Ekmek ve Laleler ( Pane e Tulipani )

Merhaba yavrular.

Hastalıkları fırsata çevirmek konusunda uzman olan biricik dostunuz, yani ben, bir evreyi daha oldukça güzel şekilde geçirmeyi başardığımı gururla beyan etmek isterim.

Bu yazı, iki gündür evden hatta yataktan çıkmadan neredeyse aralıksız izlediğim muhteşem filmlerden bir tanesiyle alakalı.



Pane a Tulipani.

Annelik, dostlar, kadının silgisi gibi değil mi?

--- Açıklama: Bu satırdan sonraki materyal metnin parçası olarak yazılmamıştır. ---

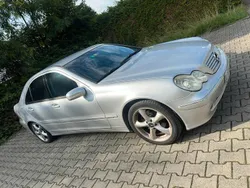 Silber Gebraucht 2003 Mercedes C200 Limousine | 2.000 €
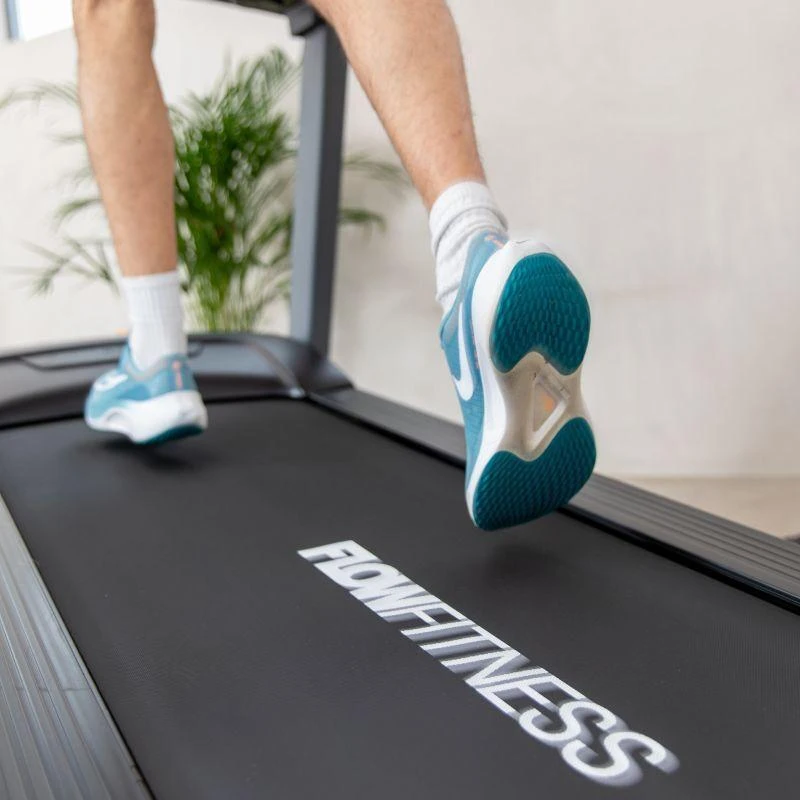 FLOW FITNESS ELEKTRINIS BĖGIMO TAKELIS RUNNER DTM2500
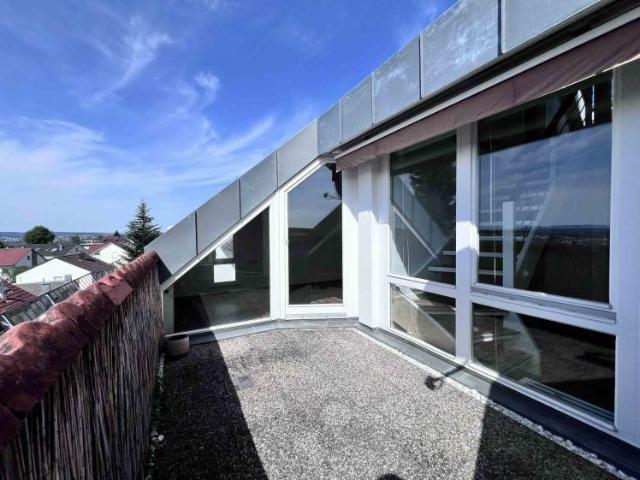 73249 Wernau: Maisonettewohnung mit Dachbalkon. 3.+4. OG. Großzügiges Wohnen auf 120 qm. Frei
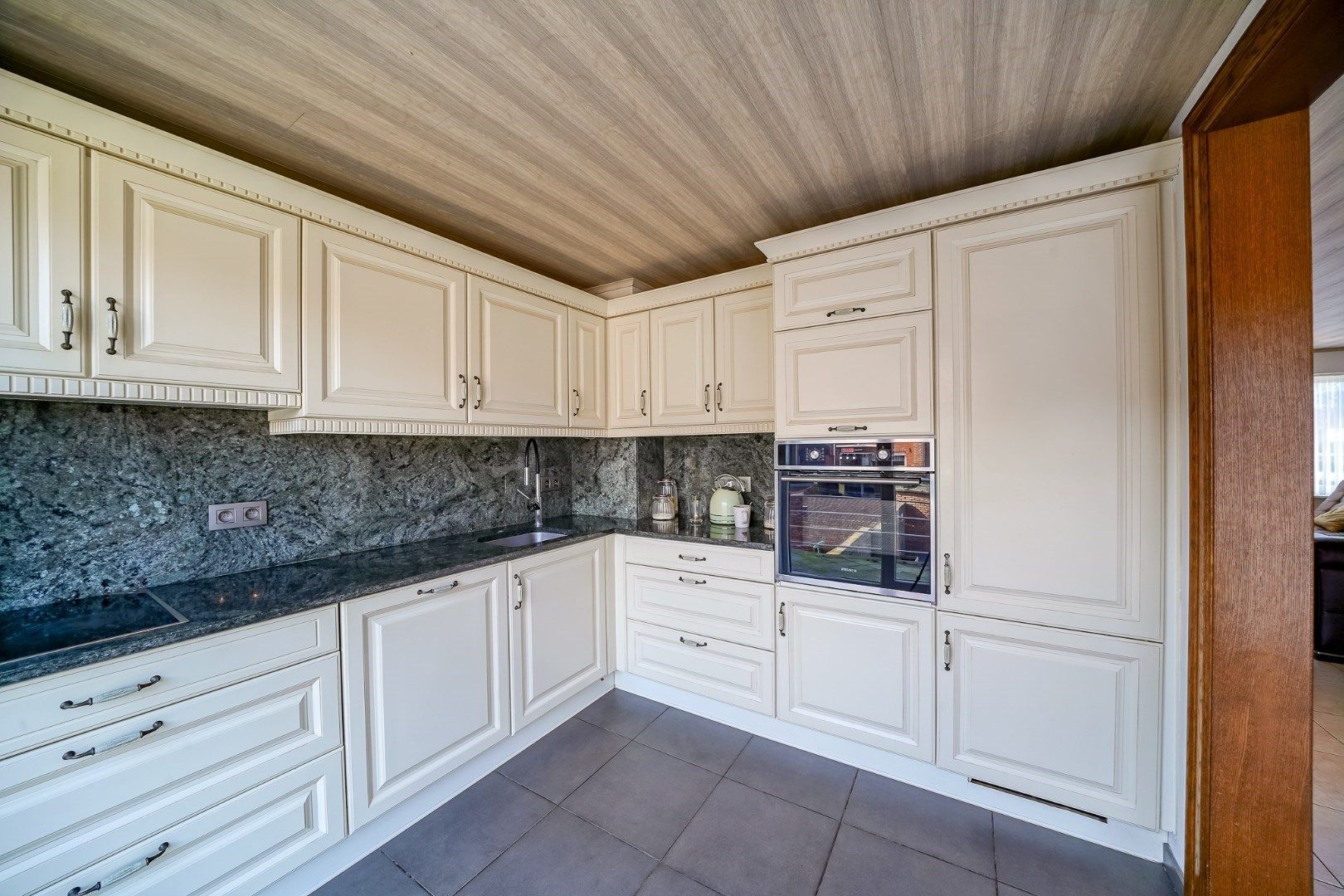 Ruime bel-étagewoning met garage en 3 slaapkamers foto 8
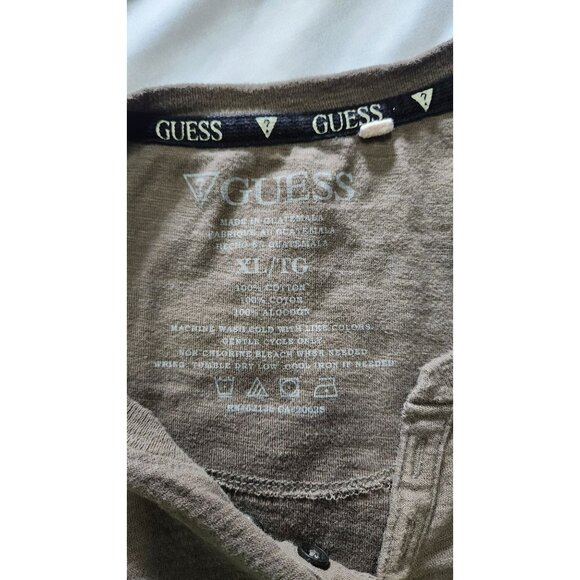 GUESS Mens XL Y2K Henley TShirt Brown Slub Cotton Short Sleeve Casual Streetwear - Picture 3 of 6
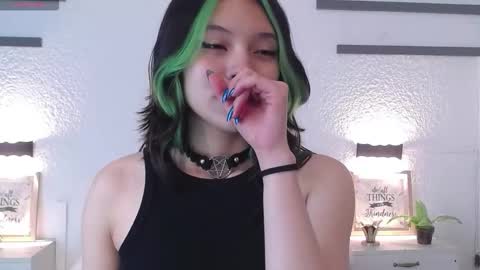 Snapshot of sarah_cute028 chatting on 02.21.26 Sarah online show from 02.21.26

Mesela, kadınlığını siliyor önce.

Sonra kocasının çapkınlıklarını...

Yorgunluğunu, bıkkınlığını...

Unutulmuşluğunu...

Gönüllü kölelik işte bildiğin.

Bir insanın kendine yaklaşımı, çevresinin de ona bakışını etkiliyor zamanla... Aslında işine de geliyor herkesin böylesi... Temizliğini, yemeğini yapan, hastalandığında başında sabahlayan, kendi ihtiyaçlarından ödün verip ailesinin bir eksiğini tamamlamaya çalışan birinin varlığı...

Zamanla silmeyi o kadar abartıyorlar ki, görünmez oluyorlar işte...

Bu filmi izlediğimde annemi düşündüm ben. O harika kadını...

Sanırım, henüz çok geç değilken, henüz dizlerine sarılıp özür dileyebileceğimiz, ne kadar kıymetli ve özel olduğunu hissettirebileceğimiz annelerimiz hayattayken, bir şeyler yapmak gerekiyor.

Anneciğim benim, dünyalar güzeli, müthiş zeki, sağduyulu, düşünceli, becerikli, muhteşem kadın...

Seni ne çok seviyorum, ne çok... Bir bilsen....

2 yorum:

  1. Boşuna denmemiş cennet anaların ayaklarının altında diye, vurdukları yerde gül biter diye :) vakit varken değil her vakit onlara teşekkür etmeli ve şükretmeliyiz; her zaman yanıbaşımızda oldukları için.